### Data provided
- Opening Delimiter -

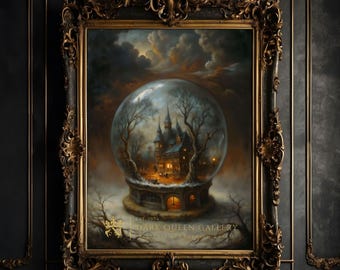Verzauberte Schneekugel Print: Dark Goth Academia Wand Dekoration (Digitaler Download) | 04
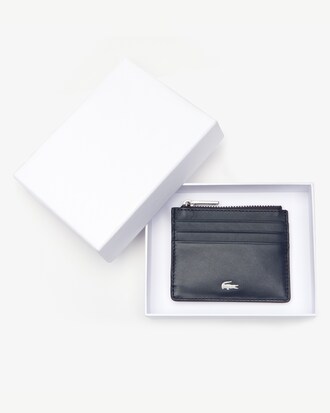 Porta carte con zip Fitzgerald in pelle con motivo color block da uomo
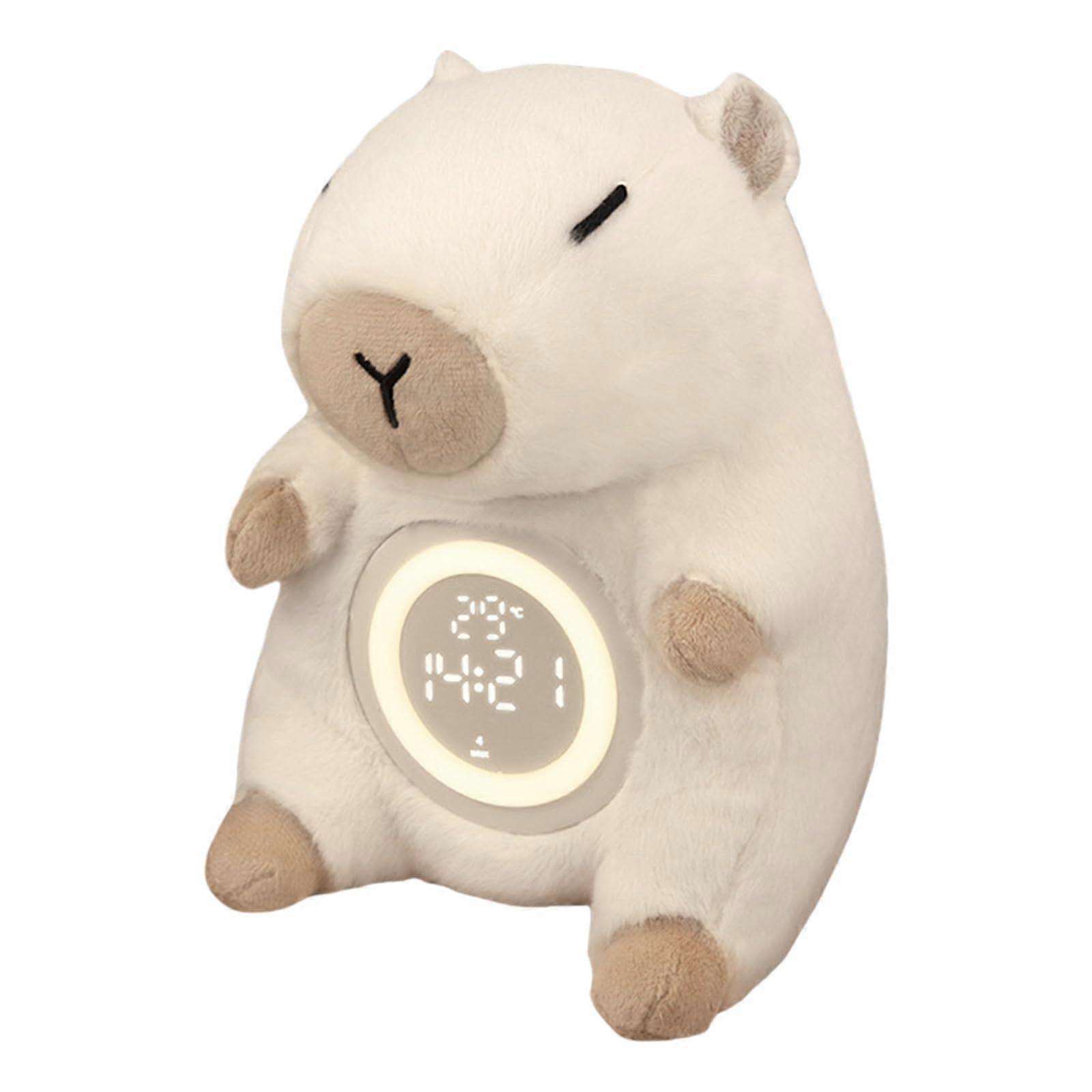 Plush Toy Alarm Clock Kapibala  Digital Clock for Kids' Bedroom with Soft Night Light, 2 Alarms, Snooze Function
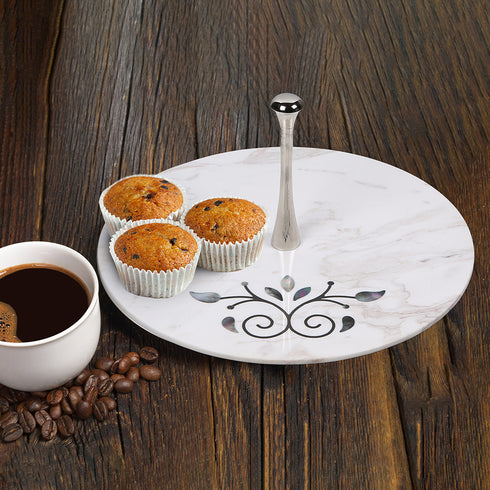 White Marble Tier Tray with Floral Motif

- Closing Delimiter -

### Work order
Write every line above again exactly, but leave the pictures out.

### Output for this task
Verzauberte Schneekugel Print: Dark Goth Academia Wand Dekoration (Digitaler Download) | 04
 Porta carte con zip Fitzgerald in pelle con motivo color block da uomo
 Plush Toy Alarm Clock Kapibala  Digital Clock for Kids' Bedroom with Soft Night Light, 2 Alarms, Snooze Function
 White Marble Tier Tray with Floral Motif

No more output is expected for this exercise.